Image matting aims at extracting foreground elements from an image by means of color and opacity (alpha) estimation. While a lot of progress has been made in recent years on improving the accuracy of matting techniques, one common problem persisted: the low speed of matte computation. We present the first real-time matting technique for natural images and videos. Our technique is based on the observation that, for small neighborhoods, pixels tend to share similar attributes. Therefore, independently treating each pixel in the unknown regions of a trimap results in a lot of redundant work. We show how this computation can be significantly and safely reduced by means of a careful selection of pairs of background and foreground samples. Our technique achieves speedups of up to two orders of magnitude compared to previous ones, while producing high-quality alpha mattes. The quality of our results has been verified through an independent benchmark. The speed of our technique enables, for the first time, real-time alpha matting of videos, and has the potential to enable a new class of exciting applications.

Downloads

Demo

Shared Matting demo for Linux 64-bit (2.7 MB)
Version 1.0, December 2010.

NOTE: Download here a precompiled binary for libboost_program_options.so.1.40.0.

Material

Full paper (1.6 MB, 10 pages)

Eurographics Association Copyright Notice: Permission to make digital or hard copies of part or all of this work for personal or classroom use is granted without fee provided that copies are not made or distributed for profit or commercial advantage and that copies bear this notice and the full citation on the first page. Copyrights for components of this work owned by others than Eurographics must be honored

Data

Below you can find intermediary results generated by our sample gathering and sample refinement steps. Each tgz archive contains the following images: expanded trimap, foreground color, background color, alpha value (including low-frequency alpha), confidence value and variance value. The original input images and trimaps are available from the alphamatting.com evaluation website.
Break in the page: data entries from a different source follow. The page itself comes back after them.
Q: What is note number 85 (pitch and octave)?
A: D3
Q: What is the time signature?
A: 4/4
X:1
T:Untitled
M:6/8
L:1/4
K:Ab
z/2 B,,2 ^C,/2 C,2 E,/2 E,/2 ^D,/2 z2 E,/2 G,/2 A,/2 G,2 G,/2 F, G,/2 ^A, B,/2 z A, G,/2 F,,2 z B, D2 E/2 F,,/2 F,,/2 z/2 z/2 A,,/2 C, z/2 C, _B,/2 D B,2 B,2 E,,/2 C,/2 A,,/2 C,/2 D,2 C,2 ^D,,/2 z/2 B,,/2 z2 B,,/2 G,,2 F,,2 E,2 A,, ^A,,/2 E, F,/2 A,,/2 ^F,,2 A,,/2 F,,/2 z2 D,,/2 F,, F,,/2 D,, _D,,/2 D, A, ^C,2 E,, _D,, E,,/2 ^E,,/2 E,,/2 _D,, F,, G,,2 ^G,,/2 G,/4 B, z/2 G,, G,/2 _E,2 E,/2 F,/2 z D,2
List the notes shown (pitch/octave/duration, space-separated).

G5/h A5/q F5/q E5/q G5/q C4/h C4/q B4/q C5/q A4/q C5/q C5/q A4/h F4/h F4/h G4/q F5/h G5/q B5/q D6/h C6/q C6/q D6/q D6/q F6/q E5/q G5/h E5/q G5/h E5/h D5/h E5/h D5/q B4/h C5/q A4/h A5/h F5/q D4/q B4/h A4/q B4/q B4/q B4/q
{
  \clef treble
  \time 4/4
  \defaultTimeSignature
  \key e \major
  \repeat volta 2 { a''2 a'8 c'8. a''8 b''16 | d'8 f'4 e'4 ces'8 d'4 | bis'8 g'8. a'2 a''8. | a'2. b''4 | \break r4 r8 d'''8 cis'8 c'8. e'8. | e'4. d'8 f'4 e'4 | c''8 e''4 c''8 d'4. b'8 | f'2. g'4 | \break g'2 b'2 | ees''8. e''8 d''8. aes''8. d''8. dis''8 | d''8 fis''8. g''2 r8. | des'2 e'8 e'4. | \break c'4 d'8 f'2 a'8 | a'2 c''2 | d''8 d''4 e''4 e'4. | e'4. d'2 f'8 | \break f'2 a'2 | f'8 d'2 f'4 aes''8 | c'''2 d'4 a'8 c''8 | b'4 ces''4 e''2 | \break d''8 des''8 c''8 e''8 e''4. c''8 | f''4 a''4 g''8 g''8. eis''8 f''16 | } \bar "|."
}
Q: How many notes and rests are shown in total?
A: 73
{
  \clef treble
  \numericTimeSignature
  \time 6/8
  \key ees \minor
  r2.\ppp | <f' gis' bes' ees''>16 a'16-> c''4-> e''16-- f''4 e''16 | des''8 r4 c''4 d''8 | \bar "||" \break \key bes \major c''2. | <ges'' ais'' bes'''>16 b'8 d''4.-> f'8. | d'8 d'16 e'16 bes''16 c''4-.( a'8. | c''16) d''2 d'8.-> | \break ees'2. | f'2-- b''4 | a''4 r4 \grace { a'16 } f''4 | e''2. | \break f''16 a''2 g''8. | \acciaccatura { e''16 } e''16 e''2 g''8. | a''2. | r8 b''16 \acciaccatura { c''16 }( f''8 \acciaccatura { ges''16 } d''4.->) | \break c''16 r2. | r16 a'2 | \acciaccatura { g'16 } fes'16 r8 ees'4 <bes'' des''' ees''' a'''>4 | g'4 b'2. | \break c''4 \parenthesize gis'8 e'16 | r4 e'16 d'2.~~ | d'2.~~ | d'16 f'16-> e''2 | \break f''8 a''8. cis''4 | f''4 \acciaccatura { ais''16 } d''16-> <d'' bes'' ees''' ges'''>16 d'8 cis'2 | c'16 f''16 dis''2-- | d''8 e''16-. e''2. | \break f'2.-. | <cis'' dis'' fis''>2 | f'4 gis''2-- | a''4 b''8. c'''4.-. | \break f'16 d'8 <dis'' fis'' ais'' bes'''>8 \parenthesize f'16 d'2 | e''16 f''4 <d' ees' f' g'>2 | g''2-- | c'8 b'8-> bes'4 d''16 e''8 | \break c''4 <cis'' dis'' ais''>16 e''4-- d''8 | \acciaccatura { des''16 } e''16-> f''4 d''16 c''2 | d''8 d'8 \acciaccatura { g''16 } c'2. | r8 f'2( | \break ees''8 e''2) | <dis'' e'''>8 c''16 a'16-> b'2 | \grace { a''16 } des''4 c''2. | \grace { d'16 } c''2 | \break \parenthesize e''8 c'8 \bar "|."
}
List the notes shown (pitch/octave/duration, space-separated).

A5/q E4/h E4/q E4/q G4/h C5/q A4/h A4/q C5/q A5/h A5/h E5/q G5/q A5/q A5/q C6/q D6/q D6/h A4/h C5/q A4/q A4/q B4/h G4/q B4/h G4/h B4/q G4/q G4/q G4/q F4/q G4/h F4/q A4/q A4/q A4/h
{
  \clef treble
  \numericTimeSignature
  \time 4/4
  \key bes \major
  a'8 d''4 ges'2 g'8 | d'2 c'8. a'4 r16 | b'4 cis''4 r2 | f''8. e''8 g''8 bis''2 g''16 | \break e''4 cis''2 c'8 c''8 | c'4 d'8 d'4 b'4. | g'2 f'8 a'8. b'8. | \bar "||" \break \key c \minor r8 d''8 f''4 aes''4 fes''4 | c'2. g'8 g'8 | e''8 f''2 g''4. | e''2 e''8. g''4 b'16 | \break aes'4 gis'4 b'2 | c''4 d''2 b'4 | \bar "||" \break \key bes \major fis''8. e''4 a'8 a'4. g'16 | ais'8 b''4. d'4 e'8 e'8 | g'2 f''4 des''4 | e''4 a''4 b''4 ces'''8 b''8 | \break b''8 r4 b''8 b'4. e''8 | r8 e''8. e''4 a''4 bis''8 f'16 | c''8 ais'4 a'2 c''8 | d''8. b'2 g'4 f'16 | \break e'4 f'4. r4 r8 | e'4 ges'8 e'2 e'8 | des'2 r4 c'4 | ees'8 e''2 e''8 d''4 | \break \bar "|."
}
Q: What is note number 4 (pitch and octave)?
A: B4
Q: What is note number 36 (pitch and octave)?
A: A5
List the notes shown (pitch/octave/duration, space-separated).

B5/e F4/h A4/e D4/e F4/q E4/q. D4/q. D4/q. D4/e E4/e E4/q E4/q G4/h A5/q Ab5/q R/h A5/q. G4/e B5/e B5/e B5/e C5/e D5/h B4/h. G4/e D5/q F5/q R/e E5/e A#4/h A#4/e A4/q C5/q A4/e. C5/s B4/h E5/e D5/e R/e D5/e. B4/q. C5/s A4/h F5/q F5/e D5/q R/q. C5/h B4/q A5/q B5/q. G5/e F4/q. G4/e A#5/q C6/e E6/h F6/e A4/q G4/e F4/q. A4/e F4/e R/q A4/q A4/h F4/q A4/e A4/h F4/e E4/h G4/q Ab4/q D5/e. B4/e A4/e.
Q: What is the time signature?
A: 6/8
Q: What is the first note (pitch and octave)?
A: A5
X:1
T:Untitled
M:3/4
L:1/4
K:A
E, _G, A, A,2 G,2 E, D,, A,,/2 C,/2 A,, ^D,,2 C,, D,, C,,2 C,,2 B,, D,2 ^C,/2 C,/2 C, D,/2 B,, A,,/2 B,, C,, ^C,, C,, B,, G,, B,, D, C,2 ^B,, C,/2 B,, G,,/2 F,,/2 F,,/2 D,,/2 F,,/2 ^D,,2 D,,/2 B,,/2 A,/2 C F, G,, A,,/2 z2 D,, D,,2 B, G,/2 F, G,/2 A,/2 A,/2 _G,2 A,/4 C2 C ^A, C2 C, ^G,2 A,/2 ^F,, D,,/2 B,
doll donkey elephant net pineapple
plant plasticbag troll GT04

Results

Video

Images

GT01 GT04 GT07 GT09 GT18 GT21 GT22

Benchmark

Comparison of our technique (Shared Matting) against the state-of-the-art is available at the alphamatting.com evaluation website. The runtimes of our real-time matting technique for the images in this benchmark, using the most conservative trimaps, are as follows:

Image # of pixels % Unknown Time (sec)
elephant 536,800 16% 0.029
donkey 455,200 17% 0.028
pineapple 481,600 20% 0.032
doll 451,200 25% 0.034
plasticbag 529,600 28% 0.040
plant 425,600 35% 0.038
troll 512,000 40% 0.045
net 496,000 51% 0.056

FAQ

How does one processes pixels which do not find any foreground and/or background samples during the sample gathering?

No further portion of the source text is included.